Transformers: Revenge of the Fallen
Autobot’lar ve Deception’lar arasında uzun yıllardır süren savaş, bir süre
önce dünyamıza taşınmış ve Autobot’ların zaferiyle sonuçlanmıştı. Fakat Optimus
Prime, her zaman tetikte olacaklarını, yapılacak yeni saldırılara karşı hazır
konumda bekleyeceklerini söylemişti. Deception’ların lideri Megatron, okyanusun
derin sularına terk edilmiş olsa da, kötü robotların diğer üyeleri dünyaya gelir
ve Sam Witwicky’nin yeni keşfettiği sırların peşine düşer. Böylece yeni
maceramız da başlamış olur.
Deception’lar pes etmiyor
Revenge of the Fallen’ın menüsüne göz attığımızda senaryo ve multiplayer
başlıkları dikkat çekiyor. İlk olarak moda giriyoruz ve bizi iki ırk karşılıyor.

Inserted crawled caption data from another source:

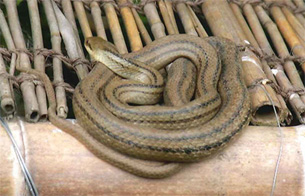 シマヘビ
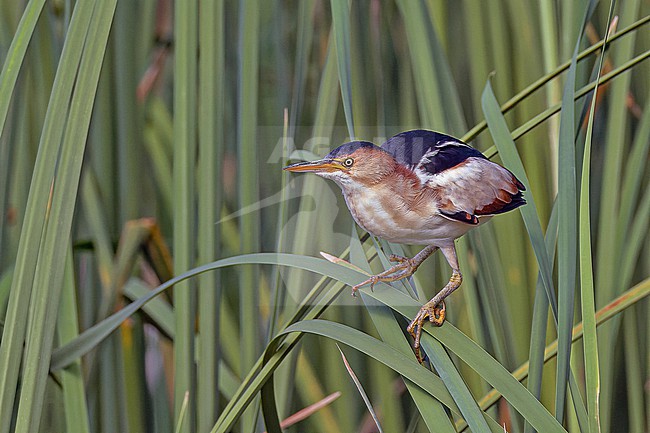 Adult Least Bittern, Ixobrychus exilis, in the Dominican Republic. stock-image by Agami/Pete Morris,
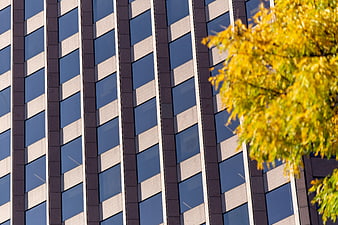 Modern Office Building Facade with Autumn Tree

Filmle benzer bir ilerleyişe sahip hikâyeyi oynamak istiyorsak Autobot’ları,
dünyayı yok etmek ve alternatif bir sonuca varmak istiyorsak ise Deception’ları
seçmemiz gerekiyor. Bu seçimlerin ardından oynayabileceğimiz tüm bölümler, dünya
üzerinde işaretli olarak gösteriliyor, ancak bir öncekini tamamlamadan yenisine
geçemiyoruz. İlk olarak eğitim modunu oynamamız gerekiyor. Saldırı teknikleri,
araç kullanımı, alternatif silahların neler olduğu ve kullanımı için gerekli
tuşları öğreniyoruz. Ardından tam anlamıyla oyuna başlayabiliriz.

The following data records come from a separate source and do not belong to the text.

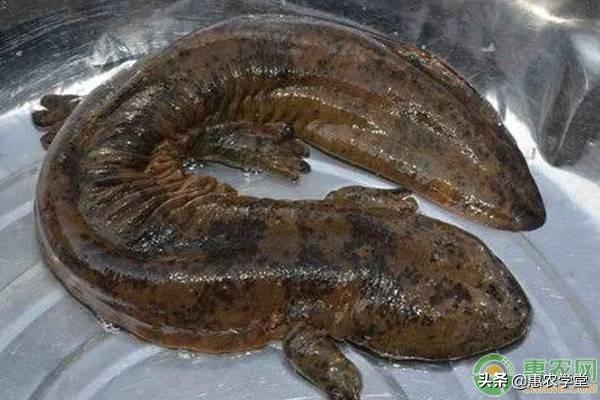 �������������Ǯһ����������ιҪ��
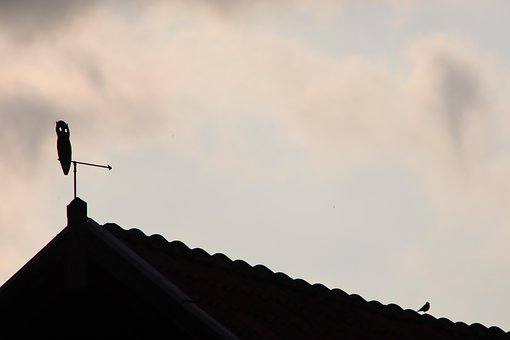 Free Owl Weather Vane photo and picture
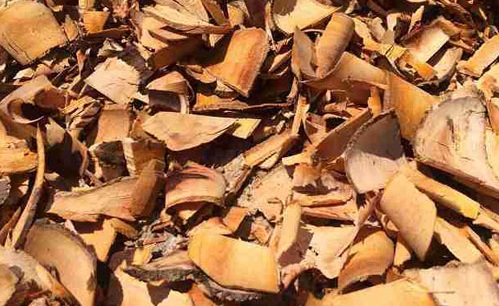 Dưỡng chất có trong rễ hồng quân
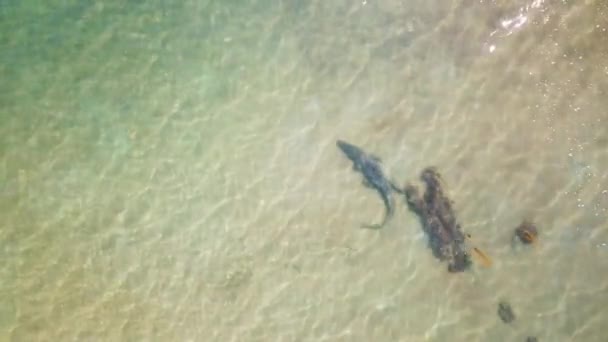 Straight Stationary Drone Shot Large Saltwater Crocodile Moving Stealthy Surface — ストック動画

“Yapım genel olarak birçok bakımdan ilk oyunun gerisinde kalıyor.”
Yapımda detaylı bir görev sistemi bulunmuyor. Önünüze geleni yok etmeli ve
belirlenen noktalara kısa sürede varmalısınız. Açıkçası ilk oyuna göre Revenge
of the Fallen’ın kötü olduğunu söyleyebilirim. Karakter ve araç kontrolleri,
birinci yapıma göre daha düz ve daha zor olmuş. Gerçekçilik hissinden uzak. T’ye
basarak alternatif silahımızı alabiliyor, Shift ile de düşmanımıza kilitlenerek
saldırabiliyoruz. Saldırı için farenin orta tuşu yeterli olurken, araç
pozisyonuna geçmek için sol tık tuşunu kullanmamız gerekiyor. Yapım, ilk
oyundaki gibi değişim imkânı sunmuyor. Tuşa basılı tuttuğunuz sürece araç
hâlinde ilerleyebiliyorsunuz. Bunun amacı ise, eğer araba veya uçak olarak
ilerlerken karşınıza aniden bir engel çıkarsa, elinizi tuştan çekebilir ve
üzerinden zıplayarak seri geçişler yapabilirsiniz. Bana kalırsa eski tarz daha
güzeldi, bu sebeple yeni yöntemi pek beğenmedim.
Autobot’lar savunmaya hazır
Tek bir robotu yönetmiyoruz, envanterimiz geniş. Her birinin saldırı ve araç
özellikleri farklı. Çeşitlilik olarak hoş bir özellik olsa da, pratikte işe
yarar bir yöntem değil. Yapımın teknik detayları tek kelimeyle “Vasat”.
Modellemeler, çevre detayları, ışıklandırmalar çok kötü. İlk oyuna nazaran daha
cansız bir çevre ve dengesiz fizikleri de bunlara eklediğimizde, tablo vahim bir
hâl alıyor. Bir örnek vermek gerekirse, uçak olarak yola devam ettiğiniz sürece,
kaza yapmanız, çakılmanız veya hasar almanız imkânsız. Ne yaparsanız yapın bunu
başaramazsınız ve bu gerçekçiliği fazlasıyla katlediyor.
Seslendirme konusunda ise Megan Fox başta olmak üzere filmin oyuncu kadrosundan
destek alınmış. Eğer tek kişilik senaryoyu tamamlayabilirseniz veya buna
dayanamazsanız, son olarak multiplayer modlara da göz atabilirsiniz. Robot
kapışmaları, şüphesiz tek kişilik deneyimden daha zevkli bir tecrübe
yaşatabilir. Sonuca gelirsem Transformers: Revenge of the Fallen, önceki
oyunundan kötü. İlk Transformers, çok iyi bir yapım olmamasına rağmen, başında
saatler geçirebilmiştim, fakat aynı yorumu Revenge of the Fallen için söyleyemem.